In a property-related dispute, a lawyer represented two defendants as joint clients. Plaintiff’s counsel deposed one of them, Mead, and asked him to disclose his conversations with the co-client, Meyer, made without their lawyer’s presence. Does this question call for disclosure of privileged communications? The defense lawyer thought so and instructed Mead not to answer.
Here is an example of the colloquy between plaintiff’s counsel (P) and Defendant’s counsel (D).
P: Did you discuss the filing of this [Answer] with Gretchen Meyer at any time prior to January 28, 2020?
D: I’m going to object to that and instruct him not to answer. They are co-defendants and the discussion with regard to litigation matters is privileged and if it took place under the direction or supervision of counsel.
P: Outside the presence of your counsel, be it in person, by telephone or remote conference, did you have any discussions regarding [the Answer] with Gretchen Meyer prior to January 28 2020?
D: I’m going to object to that and instruct him not to answer because any discussions between co-defendants would be done under the direction of counsel in preparation for defense of this litigation, and therefore it’s privileged.
P: How is it privileged?
D: Because the conversation is being conducted under the direction and supervision of counsel, even if counsel was not present.
P: Mr. Mead, are you refusing to answer the question on the advice of your counsel?
D: I’m instructing him not to answer that question.
You may read more of these excerpts here.
Barring a conflict, of course, lawyers may represent two or more clients regarding a single matter, but the clients need to know the boundaries of the attorney–client privilege as it relates to shared communications in this relationship. The privilege protects communications between the lawyer and her clients as to third parties, but it does not protect those communications if the two clients become adverse.
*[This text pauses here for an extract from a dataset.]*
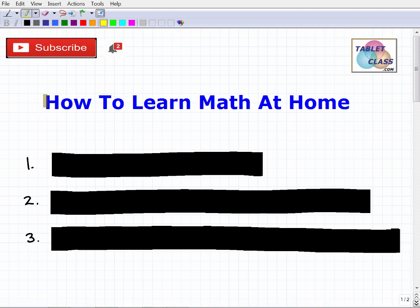Let's talk about how to learn math at home. The purpose of this video is to help the millions of students finding themselves in a situation where they have to learn math at home, as schools are shutting down. There are a lot of people — parents and students — looking for guidance on how to learn in a remote or independent fashion.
Otherwise, the privilege’s foundational elements remain constant. In deposition setting, the Mianus court held that, to sustain those instructions not to answer, Mead must prove that “any facts the question would elicit are inextricably linked to the giving of legal advice.” And unless inextricably linked, “a communication from attorney to client solely regarding a matter of fact would not ordinarily be privileged.”
The court ruled that Mead failed to prove that his response to the objectionable questions would have revealed facts that were “inextricably linked” to legal advice. The objection to revealing communications between the co-clients—outside counsel’s presence—was simply “overbroad.” And the court rejected defense counsel’s objection at the deposition that his clients communicated “at his direction,” saying—
Such a blanket privilege does not exist and would be an open invitation to discovery abuse. Counsel cannot insulate discoverable facts known to co-defendants simply by directing the parties to communicate with each other concerning the subject matter of the dispute.
There is one caveat: the privilege applies to co-clients’ communications if they are discussing their privileged communications with counsel. But the party asserting the privilege in this setting must prove it, not just say it as part of the deposition objection. And that Mead wholly failed to do—no affidavit; no testimony; nothing. So, the court explained its final edict this way—
The blanket objections at the deposition shut off inquiry into matters that might well have been discoverable and discouraged follow-up inquiries that would have tested the assertion of privilege and the parameters of any privilege asserted.